Danach wandte sich Michelson anderen Forschungen zu und verwendete sein Interferometer für Längenmessungen.[Fußnote 1] Ein nochmals verbessertes Experiment wurde 1904 von Morley und Dayton Miller durchgeführt, wiederum durch Verlängerung des Lichtweges, diesmal auf über 32 m.[Fußnote 2] Auch Michelson führte das Experiment noch mehrfach in verfeinerter Form aus, nachdem Miller, der in größerer Höhe beim Mount-Wilson-Observatorium in Kalifornien experimentierte, 1925 behauptet hatte, doch noch ein positives Resultat erzielt zu haben.[67] Wieder waren Michelsons Ergebnisse negativ.
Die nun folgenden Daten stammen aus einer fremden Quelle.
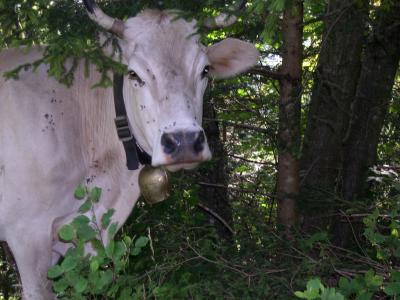 Kuh im Wald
Michelson selbst war ebenso wie Morley bis zu seinem Tod 1931 nie vollständig von der Nichtexistenz eines Äthers überzeugt. 1930 konnte Georg Joos das Verhältnis auf erwartete 0,75 der Interferenzstreifenbreite und einer beobachteten oberen Grenze von 0,002 steigern.[68] Die Experimente von Joos und K. K. Illingworth fanden im Zeisswerk Jena 1927 bis 1930 statt und verwendeten eine effektive Armlänge von 30 m. Verbesserte Experimente vom Michelson-Morley-Typ werden bis heute durchgeführt (siehe „Weitere Experimente“).